The EPA’s proposed CO2 regulations for existing power plants haven’t even been released yet, and already there’s a big brawl over their costs and benefits.
As Bloomberg notes, the early rush on political messaging shows that both sides expect voters’ views of the proposal to be determined by whether they think it will help or hurt their pocketbooks.
President Obama is expected to unveil the proposed rules on Monday, but the Chamber of Commerce — a right-wing trade association representing established big business — got a jump on the news cycle five days early by releasing a report arguing that the rules would impose massive economic hardship. It claims that if EPA sets formidable pollution-control targets, it could reduce coal-based electric generation capacity by one-third. That, the Chamber predicts, would result in economic losses of $50 billion a year and the loss of 224,000 jobs.
Environmental groups and the Obama administration say that’s baloney. It’s not as if the coal power would be replaced with nothing. If you reduce energy demand through improved efficiency, it creates jobs weatherizing homes and retrofitting office buildings. If you reduce coal emissions through improved pollution controls on the coal plants, that creates jobs at the plants themselves. And if you replace coal with new wind or solar generation, that too creates jobs in those growing economic sectors.
John Podesta, the White House counselor guiding the administration’s climate change policies, pointed out on Twitter that incumbent business groups like the Chamber consistently overestimate the economic costs of environmental regulations.
This analysis from the Chamber does pretty obviously overstate the likely costs. As New York magazine’s Jonathan Chait explains, it assumes that annual per capita demand for electricity will go up dramatically, and that the EPA will set much higher targets than any informed observer actually expects it to.
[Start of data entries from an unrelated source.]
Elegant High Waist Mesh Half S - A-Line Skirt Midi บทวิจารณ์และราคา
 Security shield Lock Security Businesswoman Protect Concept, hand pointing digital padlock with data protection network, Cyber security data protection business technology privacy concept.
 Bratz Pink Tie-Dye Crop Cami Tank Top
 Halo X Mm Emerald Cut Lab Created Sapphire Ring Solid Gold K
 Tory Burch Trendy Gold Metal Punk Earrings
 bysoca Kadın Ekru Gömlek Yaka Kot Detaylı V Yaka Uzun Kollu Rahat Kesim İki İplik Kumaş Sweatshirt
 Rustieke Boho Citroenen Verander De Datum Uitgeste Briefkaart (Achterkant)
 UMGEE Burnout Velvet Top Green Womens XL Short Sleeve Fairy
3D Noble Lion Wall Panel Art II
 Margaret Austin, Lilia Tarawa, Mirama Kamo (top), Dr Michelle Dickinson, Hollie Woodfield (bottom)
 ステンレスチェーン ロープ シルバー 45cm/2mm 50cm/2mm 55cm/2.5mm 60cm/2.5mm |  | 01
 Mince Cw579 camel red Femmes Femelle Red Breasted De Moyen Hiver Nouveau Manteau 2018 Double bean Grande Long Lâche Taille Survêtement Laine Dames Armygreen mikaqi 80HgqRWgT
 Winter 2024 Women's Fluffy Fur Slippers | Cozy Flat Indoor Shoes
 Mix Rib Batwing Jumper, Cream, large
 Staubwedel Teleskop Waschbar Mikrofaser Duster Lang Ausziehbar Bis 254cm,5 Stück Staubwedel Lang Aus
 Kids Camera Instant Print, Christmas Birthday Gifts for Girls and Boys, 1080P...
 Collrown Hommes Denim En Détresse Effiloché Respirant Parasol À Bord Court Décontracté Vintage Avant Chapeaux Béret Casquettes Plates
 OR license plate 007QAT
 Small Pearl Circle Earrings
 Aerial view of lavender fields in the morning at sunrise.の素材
The Natural Resources Defense Council, which wrote a proposal for the coal-plant rules that EPA is likely to broadly follow, fired back at the Chamber with a statement from David Hawkins, the group’s director of climate programs:
The Chamber’s so-called study is the latest in a long series of ‘sky-is-falling’ warnings of job losses and economic costs that are a big lie — part of the polluting industry’s disinformation campaign to preserve its profits by thwarting efforts to protect public health and curb climate change. After 40 years of erroneous predictions, the Chamber has zero credibility on this issue.
The Chamber fails to account for jobs that would be created building wind turbines, solar panels, and other sources of renewable power; and the jobs to be created making our homes and businesses more efficient; and the jobs of cleaning up our dirty power plants.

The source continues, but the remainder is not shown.